In Defense of Empire: Habsburg Sociology and the European Nation-State, 1870-1920
This dissertation asks how Europe’s multinational states legitimized themselves in the face of new, nation-based theories of sovereignty around the turn of the twentieth century. It answers this question by analyzing the production, reception, and circulation of the concept of “empire” in and between Central and Eastern Europe, and between the European continent and European colonies. It argues that a binary distinction between “modern,” unitary, mononational states and backward, decentralized, multinational “empires” emerged in the middle of the nineteenth century among European nationalist jurists, who used these paired concepts to justify both ethnonational homogenization and overseas expansion. It also shows that Habsburg subjects in linguistically and religiously diverse regions of the Dual Monarchy, and especially Hapsburg Jews, successfully challenged this discursive construction of multinational states as abnormal, archaic, and “imperial.” The redefinition of Austria as an “empire,” that is, an association of nations with historic rights to territory, posed challenges that could only be overcome, scholars from the Monarchy realized, by replacing the dichotomy of nation and empire with a new set of legal, political, and sociological concepts. Social analysis of the state provided, they believed, the means by which to produce these new concepts. A century before the “imperial turn” of the late twentieth and early twenty-first centuries, legal scholars from Habsburg Austria turned to the sociology of the state and articulated an influential, if now forgotten, critique of the increasingly hegemonic nationalist legal principles that both undergirded European imperial projects and threatened the continued existence of pluralistic multinational states.

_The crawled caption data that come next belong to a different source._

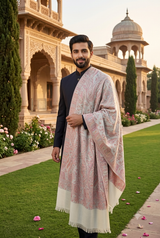 Handsome bearded Pakistani groom in black sherwani wearing a dusty rose and ivory Kashmiri Jamawar shawl in a royal palace garden.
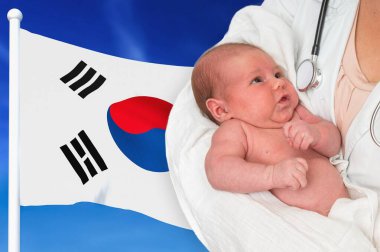 Birth rate in South Korea. Newborn baby in hands of doctor. clipart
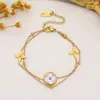 Pulseira de Aço Inoxidável Trevo de Quatro Folhas Mais Vendida Transfronteiriça Luxo Leve Versão Coreana Ouro Real 18K Joia de Mão Simples Nicho Popular Atacado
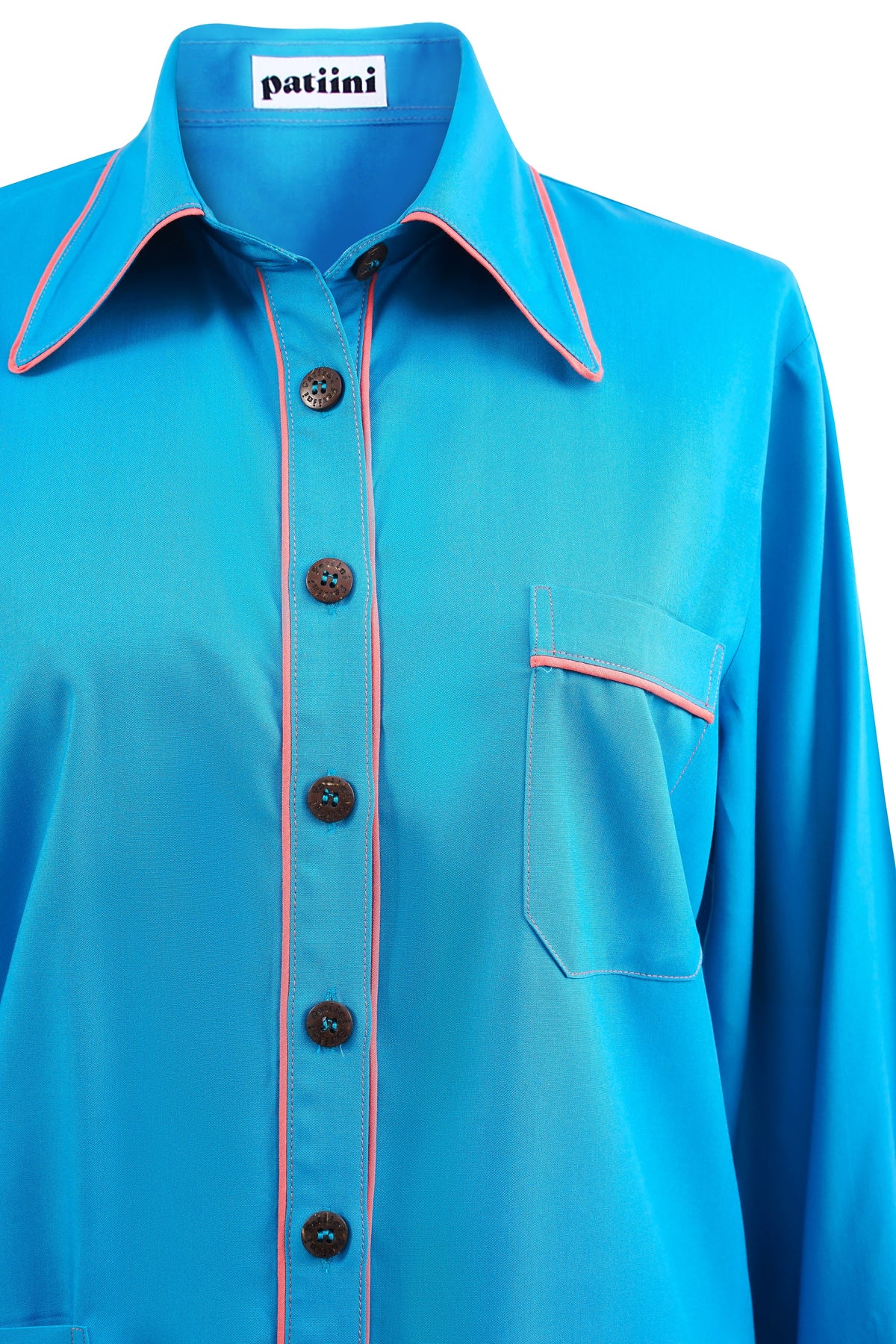 Close up of blue pajama shirt wiith coconut shell buttons and contrasting coral piping.
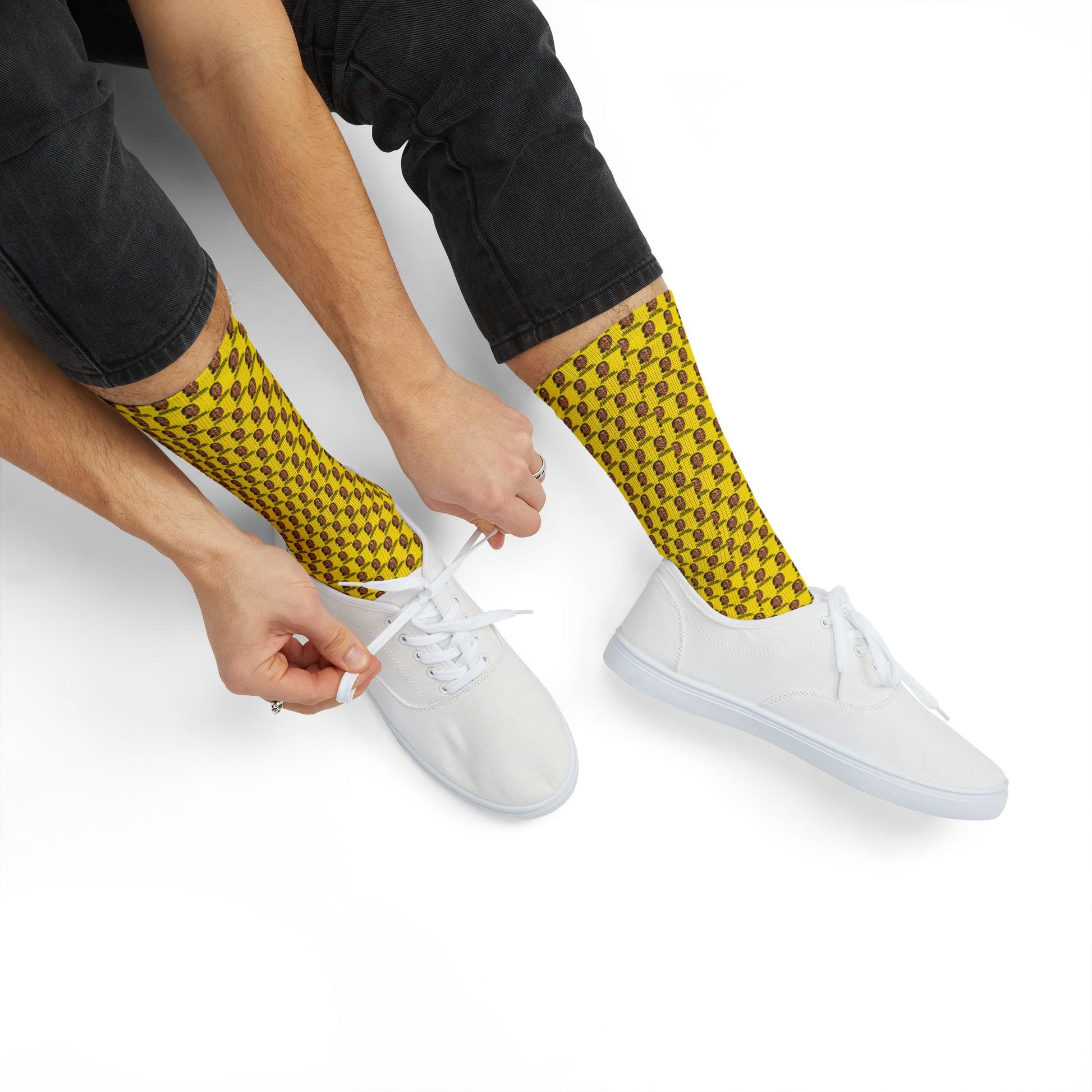 Close-up of a person pulling on yellow AOC crew socks featuring repeating Alexandria Ocasio-Cortez artwork before putting on sneakers.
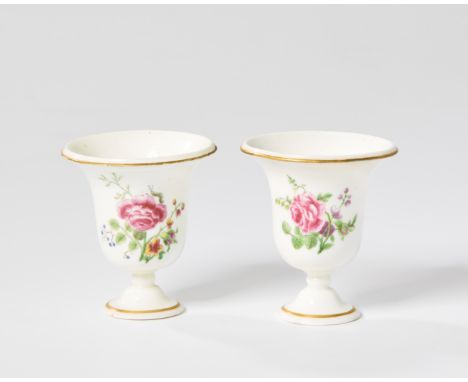 A pair of Vincennes porcelain campana-shaped miniature vases, c.1745-50, blue interlaced L cypher marks and dot marks, painte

Identifying the major figures and institutions involved in the elaboration of this critique, this dissertation reveals an alternative to Britain, France, and Germany’s national-imperial sociologies and a distinct tradition of international law. Members of this alternative school reconfigured “society” as a transnational category of analysis and the state as a space of competition and negotiation between interest groups. They also highlighted the processes of internal colonization that produced supposed nation-states and drew attention to the hazy boundary between the European metropole and colony. Some even questioned the distinction between “multiracial” Western European and “multinational” Eastern European states and the reality of the nation as a transhistorical entity. The Bukovinian-Jewish sociologist of law Eugen Ehrlich, for example, reframed international law as an already-existing global network of transborder normative communities and legal pluralism as a fundamental element of, rather than hindrance to, political modernization, while the Galician-Jewish sociologist Ludwig Gumplowicz advanced the thesis that the origin of states, including supposed nation-states, lay in foreign conquest and imperial expansion, rather than in the organic growth of pre-existing ethnic units. These jurists-turned-sociologists were enthusiastically received by scholars in other ethnolinguistically diverse and stratified regions of the European periphery, such as by Manuel González Prada in Peru and Benoy Kumar Sarkar in Bengal, who creatively adapted Habsburg critiques of the European nation-state to their own political needs.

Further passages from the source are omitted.